CRA and CRC roles in clinical research
Two roles appear in almost every clinical trial: the Clinical Research Associate (CRA) and the Clinical Research Coordinator (CRC). They work towards the same overall goal but from very different positions and with different day-to-day responsibilities, and the split between them isn't arbitrary. It largely follows the sponsor and investigator responsibilities set out in ICH E6(R2), with the CRA acting as the sponsor's monitoring representative and the CRC supporting the investigator's delegated responsibilities at the site.
Who they work for
A CRA works on behalf of the sponsor: a pharmaceutical company, biotech, or CRO. They move between trial sites and are primarily concerned with whether the study is running according to protocol and regulatory standards. A CRC is employed by the site itself, often a hospital or university, and works at a single location managing the study on the ground.
What they do day to day
CRA responsibilities:
- Conducting site visits and monitoring study progress
- Reviewing source documents and verifying data in electronic systems
- Identifying protocol deviations and escalating where necessary
- Ensuring regulatory compliance across their portfolio of sites
CRC responsibilities:
- Recruiting participants and managing the consent process
- Collecting data and coordinating between investigators and participants
- Handling the operational logistics of each study day at the site
- Serving as the main point of contact for participants throughout their involvement
Where their focus sits
CRAs are primarily concerned with data quality and compliance across multiple sites. Their job is to ensure that what is happening at each site matches what was intended in the protocol and what regulators expect to see.
CRCs are primarily concerned with execution at one location: keeping participants safe, completing tasks correctly, and making sure the site's contribution to the study is clean and complete.
It's worth noting that neither role's scope is fixed forever. As decentralised and hybrid trial designs become more common, some of what a CRC would traditionally have done in person is shifting toward remote coordination, and some of what a CRA would have verified on-site is increasingly checked through centralised, systems-based monitoring instead. The underlying division of responsibility, sponsor oversight versus site-level execution, hasn't disappeared. The specific tasks sitting on each side of that line are simply moving as the tools available to do the work change.
The two roles, side by side
| CRA | CRC | |
|---|---|---|
| Employed by | Sponsor or CRO | Site (hospital, university, clinic) |
| Scope | Multiple sites, one or more studies | One site, often multiple studies |
| Primary relationship | With CRCs and principal investigators | With participants and site staff |
| Core question they're answering | Does this site match the protocol and regulatory expectations? | Is this participant's visit today handled correctly, safely, and completely? |
| Regulatory grounding | ICH E6(R2), Section 5 (sponsor) | ICH E6(R2), Section 4 (investigator, delegated) |
How they interact
CRAs spend most of their time working with CRCs and principal investigators. CRCs spend most of their time with participants and site staff. When a monitoring visit happens, the CRA and CRC are each other's main interface, and the quality of that specific relationship often determines how smoothly a site runs more broadly. A CRA who treats every visit as an adversarial audit and a CRC who treats every query as an attack on their competence will both make the other's job harder than it needs to be. The most effective pairings tend to treat monitoring as a shared problem-solving exercise rather than an inspection one party is subjected to by the other.
The skills each role requires
CRAs need a strong grounding in GCP, clinical trial regulations, and monitoring methodology, along with the project management capability to handle multiple sites in parallel. CRCs typically have a clinical or administrative background, strong interpersonal skills, and the organisational capacity to manage multiple study tasks and participant relationships simultaneously.

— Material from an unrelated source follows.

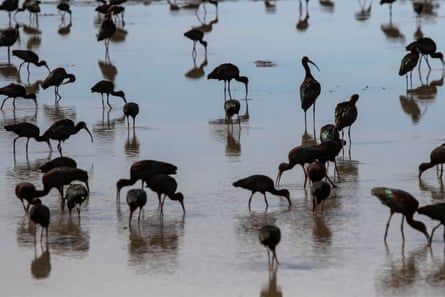 White faced ibis gather in a marsh along their migratory path in Nevada’s wetlands.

Both roles are essential. Neither succeeds without the other working well, and the ICH-GCP framework underlying both was written with exactly that mutual dependency in mind: a sponsor's oversight is only as good as what a well-supported CRC can actually deliver at the point of contact with a participant, and a CRC's local excellence only counts for the study as a whole if a CRA is genuinely verifying and documenting it consistently across every site involved.